Like all moderately emotional one-time Lower East Siders, I still unashamedly weep at Tucker’s over-the-top Yiddish-language tribute to the ur-Lower-East-Side stereotype of “Mayn Yiddische Mammeh” but I love even more the tough and resilient acceptance of the fleeting nature of sexual and emotional attachment that radiates from her theme song “Some of These Days” (a powerful tonic, by the way, for any readers emerging from broken relationships). For the story of “Some of These Days” in Sophie’s own words click here. For a terse time-line of the life of its unsung, and most likely under-compensated, composer, African-American songwriter Shelton Brooks, click here. Better yet, to listen to a 1920s recording of Tucker performing “Some of These Days” (with the Ted Lewis Orchestra) click here.
Thinking in an East Side way often sets me to thinking of Joe and Paul. Joe and Paul, in fact, were really just Paul, Paul Kofsky. The short version of the story (for a longer one click here) is this: Early in the twentieth century Paul Kofsky opened a clothing store in Brooklyn. Times were tough and most one-person operations were doomed to failure. So, to add substance and repute to his ailing venture, Paul invented an imaginary senior partner, Joe, changed the name over the door to Joe and Paul, and business soon boomed.

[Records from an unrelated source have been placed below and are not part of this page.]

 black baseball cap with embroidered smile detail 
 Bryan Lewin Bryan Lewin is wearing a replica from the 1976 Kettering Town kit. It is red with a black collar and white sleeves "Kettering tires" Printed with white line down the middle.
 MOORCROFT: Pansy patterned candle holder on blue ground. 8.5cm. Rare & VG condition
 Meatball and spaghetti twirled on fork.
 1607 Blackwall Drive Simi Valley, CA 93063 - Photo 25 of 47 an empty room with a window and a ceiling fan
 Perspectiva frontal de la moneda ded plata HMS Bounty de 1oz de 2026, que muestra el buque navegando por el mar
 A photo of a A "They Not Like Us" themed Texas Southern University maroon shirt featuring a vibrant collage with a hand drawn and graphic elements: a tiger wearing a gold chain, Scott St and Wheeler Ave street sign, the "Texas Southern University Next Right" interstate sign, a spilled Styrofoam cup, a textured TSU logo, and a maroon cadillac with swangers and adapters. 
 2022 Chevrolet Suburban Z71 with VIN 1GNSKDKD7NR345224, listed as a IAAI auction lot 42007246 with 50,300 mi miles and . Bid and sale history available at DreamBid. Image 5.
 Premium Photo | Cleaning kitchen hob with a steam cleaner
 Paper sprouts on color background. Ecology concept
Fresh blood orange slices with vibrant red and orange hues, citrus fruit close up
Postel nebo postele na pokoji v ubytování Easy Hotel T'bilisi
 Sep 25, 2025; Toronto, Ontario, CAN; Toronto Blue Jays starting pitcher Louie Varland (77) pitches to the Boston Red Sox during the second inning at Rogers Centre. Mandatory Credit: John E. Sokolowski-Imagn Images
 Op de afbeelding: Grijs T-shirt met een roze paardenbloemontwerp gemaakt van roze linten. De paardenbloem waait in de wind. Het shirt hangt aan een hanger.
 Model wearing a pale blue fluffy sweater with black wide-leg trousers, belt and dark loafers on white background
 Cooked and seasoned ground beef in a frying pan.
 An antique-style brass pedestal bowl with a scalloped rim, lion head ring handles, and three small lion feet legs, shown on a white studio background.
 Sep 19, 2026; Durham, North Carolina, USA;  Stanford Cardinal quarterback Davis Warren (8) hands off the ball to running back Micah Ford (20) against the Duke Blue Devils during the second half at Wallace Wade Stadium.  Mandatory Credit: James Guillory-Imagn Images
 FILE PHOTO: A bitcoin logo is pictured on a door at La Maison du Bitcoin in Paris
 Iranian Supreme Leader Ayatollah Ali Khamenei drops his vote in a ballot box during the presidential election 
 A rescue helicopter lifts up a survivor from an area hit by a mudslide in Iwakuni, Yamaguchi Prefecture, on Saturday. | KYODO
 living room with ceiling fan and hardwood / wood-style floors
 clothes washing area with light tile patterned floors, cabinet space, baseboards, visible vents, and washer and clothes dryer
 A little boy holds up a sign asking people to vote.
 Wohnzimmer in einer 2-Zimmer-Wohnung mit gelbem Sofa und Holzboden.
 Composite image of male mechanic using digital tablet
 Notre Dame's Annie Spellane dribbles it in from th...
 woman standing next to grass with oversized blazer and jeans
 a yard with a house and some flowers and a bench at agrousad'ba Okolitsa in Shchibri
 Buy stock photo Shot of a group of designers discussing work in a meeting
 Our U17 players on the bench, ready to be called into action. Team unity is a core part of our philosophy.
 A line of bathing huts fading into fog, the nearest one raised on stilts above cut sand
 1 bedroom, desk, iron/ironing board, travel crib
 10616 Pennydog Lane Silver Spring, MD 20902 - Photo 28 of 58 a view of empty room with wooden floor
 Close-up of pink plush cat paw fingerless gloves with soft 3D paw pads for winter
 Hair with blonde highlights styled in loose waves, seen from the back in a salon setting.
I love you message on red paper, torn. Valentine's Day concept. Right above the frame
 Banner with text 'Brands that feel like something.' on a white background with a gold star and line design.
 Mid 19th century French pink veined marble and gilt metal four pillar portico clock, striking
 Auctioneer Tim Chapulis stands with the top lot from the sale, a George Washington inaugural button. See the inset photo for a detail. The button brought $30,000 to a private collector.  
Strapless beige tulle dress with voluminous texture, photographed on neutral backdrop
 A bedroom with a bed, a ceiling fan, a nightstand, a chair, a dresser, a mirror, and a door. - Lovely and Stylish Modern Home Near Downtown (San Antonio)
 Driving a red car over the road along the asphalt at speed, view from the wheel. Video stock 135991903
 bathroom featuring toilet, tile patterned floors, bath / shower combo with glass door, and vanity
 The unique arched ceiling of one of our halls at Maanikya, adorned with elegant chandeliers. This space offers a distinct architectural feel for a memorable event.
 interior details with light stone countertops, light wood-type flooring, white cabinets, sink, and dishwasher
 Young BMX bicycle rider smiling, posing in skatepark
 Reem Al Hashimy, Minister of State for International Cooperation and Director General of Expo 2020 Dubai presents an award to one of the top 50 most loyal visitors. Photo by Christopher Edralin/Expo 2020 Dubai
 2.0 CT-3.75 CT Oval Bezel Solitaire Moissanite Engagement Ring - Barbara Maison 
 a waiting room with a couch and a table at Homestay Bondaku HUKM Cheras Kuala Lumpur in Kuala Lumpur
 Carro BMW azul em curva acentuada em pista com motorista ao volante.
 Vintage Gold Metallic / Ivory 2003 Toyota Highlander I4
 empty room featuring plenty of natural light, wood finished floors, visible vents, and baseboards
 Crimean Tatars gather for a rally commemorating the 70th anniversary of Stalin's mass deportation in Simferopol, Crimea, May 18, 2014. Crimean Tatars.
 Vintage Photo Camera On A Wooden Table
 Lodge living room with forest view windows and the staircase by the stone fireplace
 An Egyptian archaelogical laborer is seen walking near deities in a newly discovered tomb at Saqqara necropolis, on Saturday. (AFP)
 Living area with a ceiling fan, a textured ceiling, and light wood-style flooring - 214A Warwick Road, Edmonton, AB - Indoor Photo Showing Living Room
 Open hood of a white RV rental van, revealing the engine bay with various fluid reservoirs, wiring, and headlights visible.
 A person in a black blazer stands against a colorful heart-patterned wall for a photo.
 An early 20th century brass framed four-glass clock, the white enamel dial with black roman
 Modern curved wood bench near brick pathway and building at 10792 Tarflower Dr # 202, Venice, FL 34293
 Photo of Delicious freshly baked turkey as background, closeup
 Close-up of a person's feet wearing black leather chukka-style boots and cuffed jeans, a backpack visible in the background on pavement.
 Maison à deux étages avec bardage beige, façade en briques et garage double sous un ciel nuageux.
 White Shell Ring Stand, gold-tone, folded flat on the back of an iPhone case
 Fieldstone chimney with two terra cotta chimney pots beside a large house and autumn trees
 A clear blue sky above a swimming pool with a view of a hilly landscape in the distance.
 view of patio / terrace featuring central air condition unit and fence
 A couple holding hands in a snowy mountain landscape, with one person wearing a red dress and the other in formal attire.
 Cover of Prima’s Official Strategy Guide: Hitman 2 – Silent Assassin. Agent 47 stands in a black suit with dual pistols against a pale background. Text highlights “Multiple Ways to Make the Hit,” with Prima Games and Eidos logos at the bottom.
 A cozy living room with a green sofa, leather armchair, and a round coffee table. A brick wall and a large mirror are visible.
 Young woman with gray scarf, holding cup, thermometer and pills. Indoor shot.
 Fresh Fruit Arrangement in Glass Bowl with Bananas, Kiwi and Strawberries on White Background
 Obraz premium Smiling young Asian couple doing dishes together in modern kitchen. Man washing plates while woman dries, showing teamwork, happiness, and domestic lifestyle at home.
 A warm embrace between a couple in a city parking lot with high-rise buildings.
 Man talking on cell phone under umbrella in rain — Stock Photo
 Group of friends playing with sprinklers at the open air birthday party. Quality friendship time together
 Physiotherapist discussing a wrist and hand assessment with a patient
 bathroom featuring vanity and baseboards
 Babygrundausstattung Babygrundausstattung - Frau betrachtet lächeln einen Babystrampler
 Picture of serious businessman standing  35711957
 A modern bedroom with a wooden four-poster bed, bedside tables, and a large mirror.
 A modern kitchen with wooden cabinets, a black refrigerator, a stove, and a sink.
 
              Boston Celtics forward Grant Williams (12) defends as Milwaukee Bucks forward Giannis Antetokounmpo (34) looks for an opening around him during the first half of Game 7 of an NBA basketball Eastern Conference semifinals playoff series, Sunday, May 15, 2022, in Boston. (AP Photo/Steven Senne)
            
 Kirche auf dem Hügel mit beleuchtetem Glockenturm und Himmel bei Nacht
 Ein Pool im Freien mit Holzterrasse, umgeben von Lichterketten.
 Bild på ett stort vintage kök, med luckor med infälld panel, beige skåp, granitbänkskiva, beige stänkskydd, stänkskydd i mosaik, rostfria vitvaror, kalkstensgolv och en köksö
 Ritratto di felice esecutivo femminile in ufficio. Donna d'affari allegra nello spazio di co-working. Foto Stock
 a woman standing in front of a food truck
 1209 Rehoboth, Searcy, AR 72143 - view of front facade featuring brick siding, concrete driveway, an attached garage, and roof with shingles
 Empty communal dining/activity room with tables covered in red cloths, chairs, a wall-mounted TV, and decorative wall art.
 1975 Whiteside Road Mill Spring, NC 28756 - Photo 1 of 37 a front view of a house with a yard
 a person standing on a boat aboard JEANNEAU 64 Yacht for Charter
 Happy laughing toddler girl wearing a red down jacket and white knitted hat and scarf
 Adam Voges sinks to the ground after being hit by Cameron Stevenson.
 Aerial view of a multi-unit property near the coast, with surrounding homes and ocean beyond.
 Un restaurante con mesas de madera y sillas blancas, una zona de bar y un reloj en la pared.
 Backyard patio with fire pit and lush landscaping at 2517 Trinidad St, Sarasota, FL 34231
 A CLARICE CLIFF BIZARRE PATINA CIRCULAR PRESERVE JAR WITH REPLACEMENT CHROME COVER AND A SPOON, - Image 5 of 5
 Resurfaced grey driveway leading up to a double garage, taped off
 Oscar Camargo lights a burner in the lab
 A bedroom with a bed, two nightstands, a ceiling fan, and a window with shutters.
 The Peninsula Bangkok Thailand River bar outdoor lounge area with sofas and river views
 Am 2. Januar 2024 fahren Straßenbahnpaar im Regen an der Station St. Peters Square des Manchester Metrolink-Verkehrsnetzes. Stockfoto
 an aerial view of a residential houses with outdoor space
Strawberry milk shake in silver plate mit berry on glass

During the Great Depression, Kofsky turned to advertising. He paid legendary Yiddish music hall composer Sholem Secunda (who wrote the original “Bei Mir Bist Shayn” only to make the mistake of selling it to a promoter for $25.00) to compose a radio advertisement jingle for Joe and Paul. Kofsky, who had always dreamed of a life on the stage, performed the jingle live himself, dashing from one Yiddish- and English-language New York radio station to another to sing it. The tune soon became a hit and remained ubiquitous into the 1950s, when Cuban-born band leader Pupi Campo even recorded a cross-over Latin version of it, more likely than not with a young Tito Puente in the background.
To listen to Kofsky singing his original ode to Joe and Paul click here and click here for Pupi Campo’s cover. For those who do not understand the vanished interim wandelsprache of NYC Yiddish, my own bland translation (minus Kofsky’s Yiddish-language scat-like embellishments) is: “Joe and Paul, a store, a pleasure; there you can cheaply buy a suit, a coat, a caftan, all perfect, so be sure to buy only at Joe and Paul.”
Why do I tell these stories? Simple, because in the midst of the present “crisis” it is important for all of us to look for the imaginary senior partner within, to be confident enough to sing our own praises, and never to bemoan what or who we have lost. And now … will someone please point me to the nearest radio station!